WORK TO COMPLETE => Only one stretch of the listing below is wanted. Begin at the line that has "Acrilico Telecomando Luci", stop after the line that has "Prime Minister Narendra", and repeat every line in between exactly.

*** Opening of GIVEN INFORMATION ***

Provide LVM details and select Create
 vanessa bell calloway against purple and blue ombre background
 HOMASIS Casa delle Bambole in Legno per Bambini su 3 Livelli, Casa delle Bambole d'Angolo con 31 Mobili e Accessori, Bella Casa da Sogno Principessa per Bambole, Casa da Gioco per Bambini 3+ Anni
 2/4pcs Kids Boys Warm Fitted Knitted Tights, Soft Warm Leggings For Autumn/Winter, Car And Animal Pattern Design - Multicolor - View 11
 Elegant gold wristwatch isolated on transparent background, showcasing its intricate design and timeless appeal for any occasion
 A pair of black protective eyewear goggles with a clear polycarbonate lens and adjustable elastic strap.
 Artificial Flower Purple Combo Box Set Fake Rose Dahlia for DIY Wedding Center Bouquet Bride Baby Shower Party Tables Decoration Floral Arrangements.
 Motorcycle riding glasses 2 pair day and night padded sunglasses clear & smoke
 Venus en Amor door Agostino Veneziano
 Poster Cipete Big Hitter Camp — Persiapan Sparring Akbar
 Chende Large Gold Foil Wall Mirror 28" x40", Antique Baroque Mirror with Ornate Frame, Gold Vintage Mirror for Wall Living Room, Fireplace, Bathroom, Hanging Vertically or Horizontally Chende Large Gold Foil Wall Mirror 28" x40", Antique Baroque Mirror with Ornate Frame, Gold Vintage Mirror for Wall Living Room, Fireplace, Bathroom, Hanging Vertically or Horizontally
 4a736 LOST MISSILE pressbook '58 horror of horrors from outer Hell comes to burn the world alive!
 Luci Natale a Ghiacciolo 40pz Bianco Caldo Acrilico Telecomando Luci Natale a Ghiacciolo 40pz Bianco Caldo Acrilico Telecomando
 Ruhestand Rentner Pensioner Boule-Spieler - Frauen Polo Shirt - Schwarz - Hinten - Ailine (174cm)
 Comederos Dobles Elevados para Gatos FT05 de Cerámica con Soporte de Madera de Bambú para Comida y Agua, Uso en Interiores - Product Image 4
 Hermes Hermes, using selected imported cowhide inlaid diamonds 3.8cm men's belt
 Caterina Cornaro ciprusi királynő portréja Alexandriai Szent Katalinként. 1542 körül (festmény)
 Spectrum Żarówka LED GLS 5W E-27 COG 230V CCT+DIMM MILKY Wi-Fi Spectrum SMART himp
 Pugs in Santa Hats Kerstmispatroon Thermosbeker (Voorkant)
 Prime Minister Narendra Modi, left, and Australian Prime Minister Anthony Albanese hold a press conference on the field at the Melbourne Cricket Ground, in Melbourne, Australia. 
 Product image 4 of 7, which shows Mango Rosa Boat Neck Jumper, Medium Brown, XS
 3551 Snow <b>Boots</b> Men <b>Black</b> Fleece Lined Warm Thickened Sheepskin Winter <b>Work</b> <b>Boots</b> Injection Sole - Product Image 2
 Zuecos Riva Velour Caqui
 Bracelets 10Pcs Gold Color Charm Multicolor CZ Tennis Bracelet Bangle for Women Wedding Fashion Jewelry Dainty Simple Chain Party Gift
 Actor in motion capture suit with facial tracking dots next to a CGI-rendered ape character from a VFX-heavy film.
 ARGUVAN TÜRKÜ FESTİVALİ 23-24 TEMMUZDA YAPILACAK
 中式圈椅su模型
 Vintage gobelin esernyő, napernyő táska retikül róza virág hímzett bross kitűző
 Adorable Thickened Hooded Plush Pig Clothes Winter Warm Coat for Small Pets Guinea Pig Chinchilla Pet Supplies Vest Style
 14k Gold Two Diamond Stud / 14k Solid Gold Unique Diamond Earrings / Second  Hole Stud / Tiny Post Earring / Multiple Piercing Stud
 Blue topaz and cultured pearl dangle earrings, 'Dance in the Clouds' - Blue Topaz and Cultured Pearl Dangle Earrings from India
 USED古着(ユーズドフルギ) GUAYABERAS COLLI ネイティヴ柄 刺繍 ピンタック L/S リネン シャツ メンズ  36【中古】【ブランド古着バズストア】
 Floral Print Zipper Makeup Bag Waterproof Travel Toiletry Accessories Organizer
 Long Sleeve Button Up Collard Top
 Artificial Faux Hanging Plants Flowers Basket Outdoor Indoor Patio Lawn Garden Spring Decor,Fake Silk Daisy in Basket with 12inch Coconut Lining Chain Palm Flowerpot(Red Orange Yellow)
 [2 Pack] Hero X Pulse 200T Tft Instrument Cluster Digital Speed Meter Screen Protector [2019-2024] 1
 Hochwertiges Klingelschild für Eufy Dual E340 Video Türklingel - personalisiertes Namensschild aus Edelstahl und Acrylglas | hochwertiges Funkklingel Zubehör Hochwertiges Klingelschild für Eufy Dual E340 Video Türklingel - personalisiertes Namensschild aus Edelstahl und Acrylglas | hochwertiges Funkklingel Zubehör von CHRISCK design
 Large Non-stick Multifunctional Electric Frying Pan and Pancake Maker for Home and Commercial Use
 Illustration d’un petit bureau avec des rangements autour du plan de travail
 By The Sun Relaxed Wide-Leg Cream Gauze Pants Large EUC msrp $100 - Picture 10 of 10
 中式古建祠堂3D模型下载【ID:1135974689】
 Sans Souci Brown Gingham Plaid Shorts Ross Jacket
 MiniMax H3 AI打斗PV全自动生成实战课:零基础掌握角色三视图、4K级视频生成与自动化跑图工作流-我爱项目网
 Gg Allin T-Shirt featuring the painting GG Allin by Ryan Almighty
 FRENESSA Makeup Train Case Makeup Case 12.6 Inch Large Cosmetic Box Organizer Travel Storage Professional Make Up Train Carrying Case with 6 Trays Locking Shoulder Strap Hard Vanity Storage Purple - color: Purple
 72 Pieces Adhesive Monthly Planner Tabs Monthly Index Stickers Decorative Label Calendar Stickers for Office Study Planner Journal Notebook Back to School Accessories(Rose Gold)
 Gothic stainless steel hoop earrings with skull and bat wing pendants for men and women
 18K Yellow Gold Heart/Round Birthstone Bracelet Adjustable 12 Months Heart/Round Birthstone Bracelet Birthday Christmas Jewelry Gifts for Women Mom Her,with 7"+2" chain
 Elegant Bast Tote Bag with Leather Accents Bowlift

*** Close of GIVEN INFORMATION ***

TASK ANSWER =>
 Luci Natale a Ghiacciolo 40pz Bianco Caldo Acrilico Telecomando Luci Natale a Ghiacciolo 40pz Bianco Caldo Acrilico Telecomando
 Ruhestand Rentner Pensioner Boule-Spieler - Frauen Polo Shirt - Schwarz - Hinten - Ailine (174cm)
 Comederos Dobles Elevados para Gatos FT05 de Cerámica con Soporte de Madera de Bambú para Comida y Agua, Uso en Interiores - Product Image 4
 Hermes Hermes, using selected imported cowhide inlaid diamonds 3.8cm men's belt
 Caterina Cornaro ciprusi királynő portréja Alexandriai Szent Katalinként. 1542 körül (festmény)
 Spectrum Żarówka LED GLS 5W E-27 COG 230V CCT+DIMM MILKY Wi-Fi Spectrum SMART himp
 Pugs in Santa Hats Kerstmispatroon Thermosbeker (Voorkant)
 Prime Minister Narendra Modi, left, and Australian Prime Minister Anthony Albanese hold a press conference on the field at the Melbourne Cricket Ground, in Melbourne, Australia. 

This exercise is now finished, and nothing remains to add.